On the Robustness of Fairness Practices: A Causal Framework for Systematic Evaluation
Machine learning (ML) algorithms are increasingly deployed to make critical decisions in socioeconomic applications such as finance, criminal justice, and autonomous driving. However, due to their data-driven and pattern-seeking nature, ML algorithms may develop decision logic that disproportionately distributes opportunities, benefits, resources, or information among different population groups, potentially harming marginalized communities. In response to such fairness concerns, the software engineering and ML communities have made significant efforts to establish the best practices for creating fair ML software. These include fairness interventions for training ML models such as including sensitive features, selecting non-sensitive attributes, and applying bias mitigators. But how reliably can software professionals tasked with developing data-driven systems depend on these recommendations? And how well do these practices generalize in the presence of faulty labels, missing data, or distribution shifts? These questions form the core theme of this paper.

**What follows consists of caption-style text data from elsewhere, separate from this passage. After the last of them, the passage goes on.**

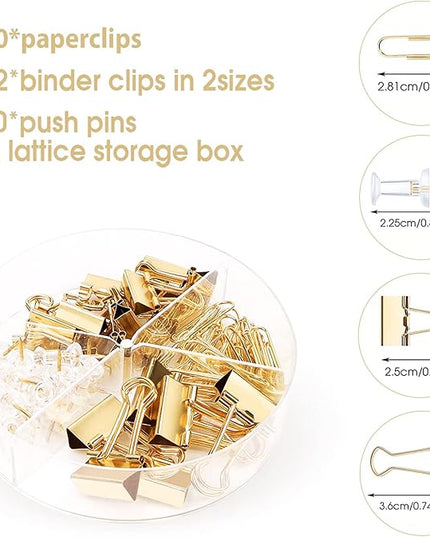 Gold Desk Organizers and Accessories Office Supplies Set Stapler, Pen Holder, Phone Holder, Scissors, Pen, Ruler, 30 Paper Clips, 22 Binder Clip, 20 Tacks and 1000pcs Staples (Gold)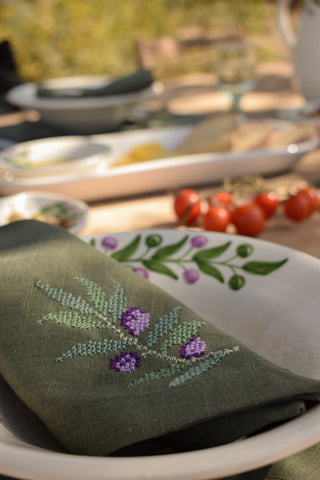Hand-Embroidered Tatreez Olive Branch Linen Napkin | Palestinian Heritage Textile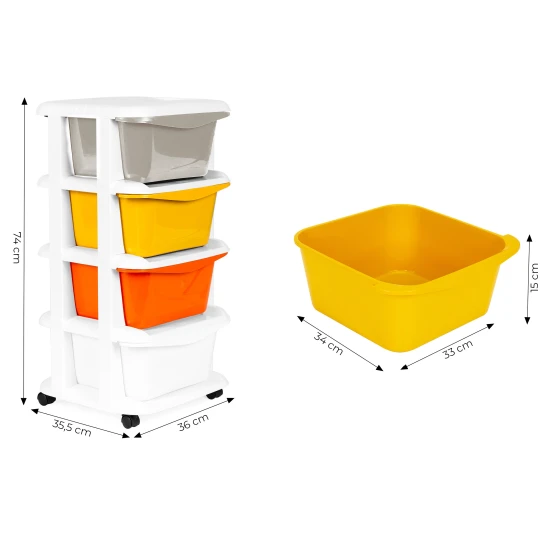 Daiktų laikymo organizatorius su 4 išstumiamomis dėžėmis Vaikų baldai ModernHome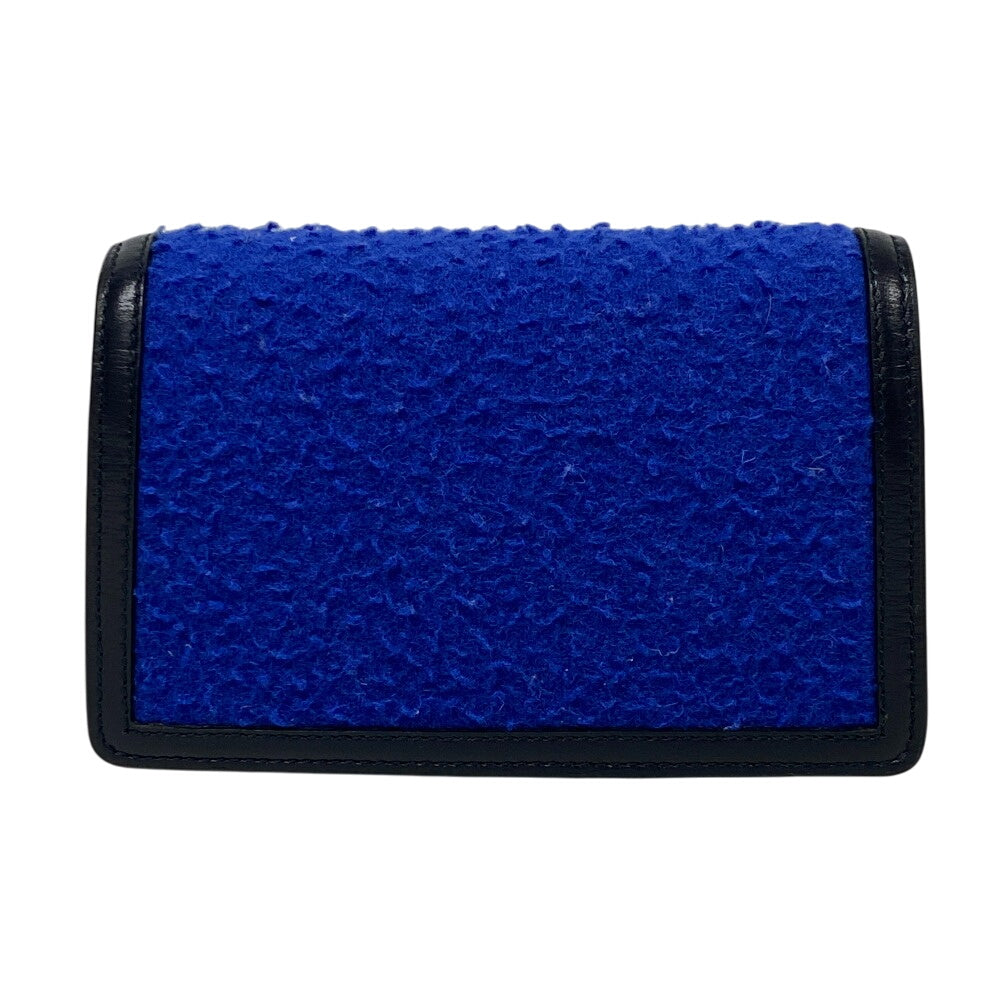 GUCCI Shoulder Bag 476432 Wool, Leather blue Chain Duosonis Women Used Authentic
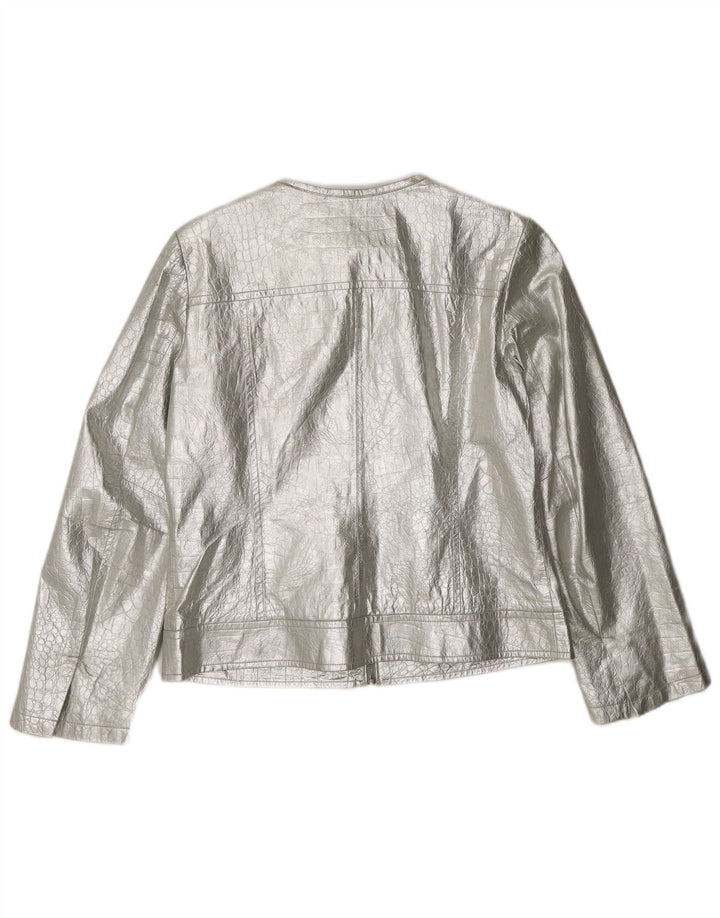 Jaqueta de couro feminina CORTEFIEL UK 12 couro prateado médio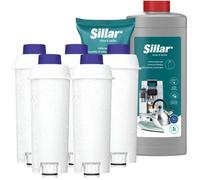 Sillar Kit pour machine à café Delonghi : 5 filtres à eau + produit détartrant 1 l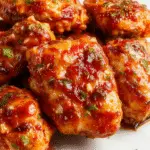 A close-up of a glossy, golden-brown chicken breast coated in a rich, spicy honey glaze, topped with cracked black pepper and garnished with chopped green herbs on a white plate, with a side of creamy mac and cheese in the background, steam rising slightly, highlighting a crispy exterior and juicy interior.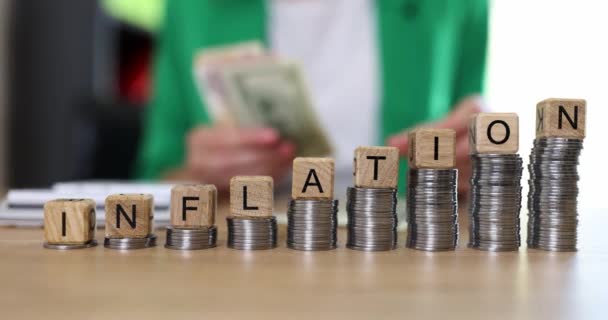 Letters Inflation Wooden Cubes Stacks Coins Table Rising Costs Inflation — Stock Video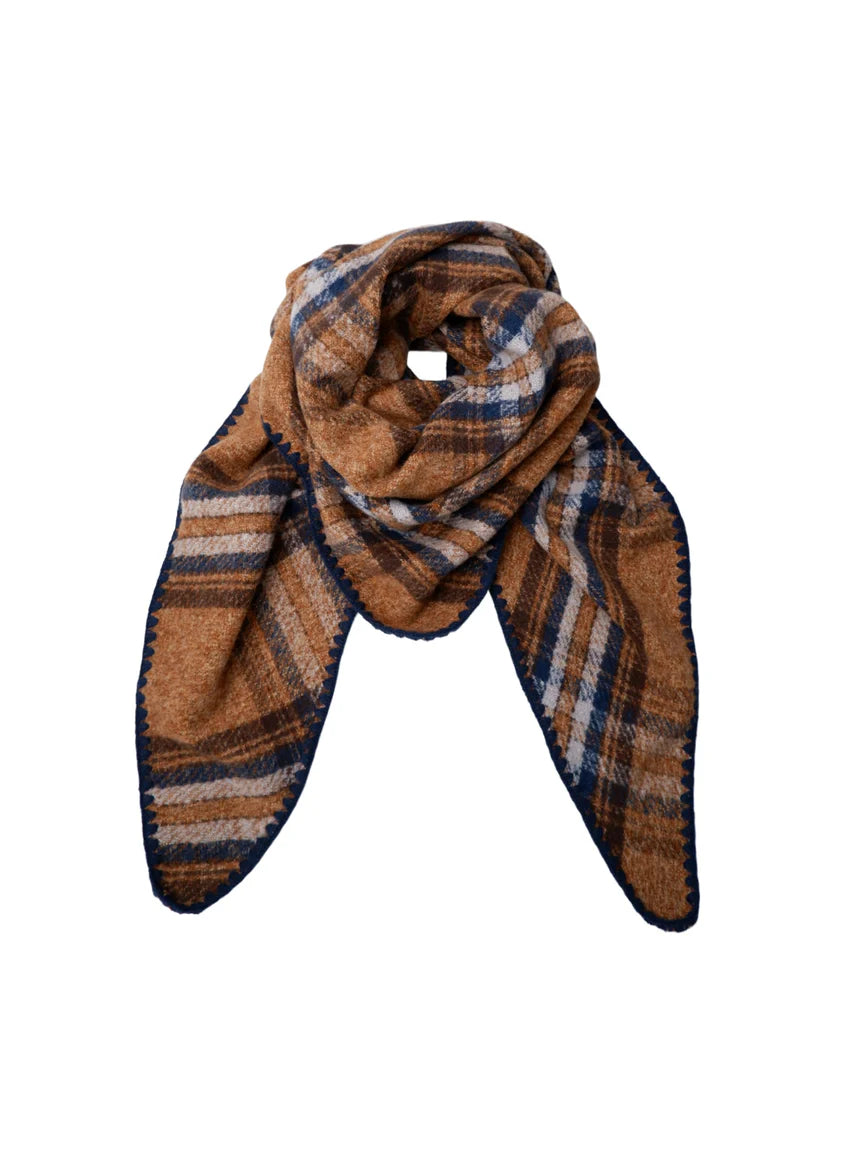 Black Colour Tørklæde - BcLeoni Chequered Tørklæde i Camel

We present a testing tool and technique based on causality theory to assess the robustness of best practices in fair ML software development. Given a practice—specified as a first-order logic property—and a socio-critical dataset that satisfies the property, our goal is to search for neighborhood datasets to determine whether the property continues to hold. This process is akin to testing the robustness of a neural network for image classification, except that the “image" is an entire dataset, and its “neighbors" are datasets in which certain causal hypotheses are altered. Since computing neighborhood datasets while accounting for various factors—such as noise, faulty labeling, and demographic shifts—is challenging, we utilize causal graph representations of the dataset and leverage a search algorithm to explore equivalent causal graphs to generate datasets. Our results across various fairness-sensitive tasks, derived from prevalent fairness-sensitive applications, identify best practices that preserve robustness under the varying factors.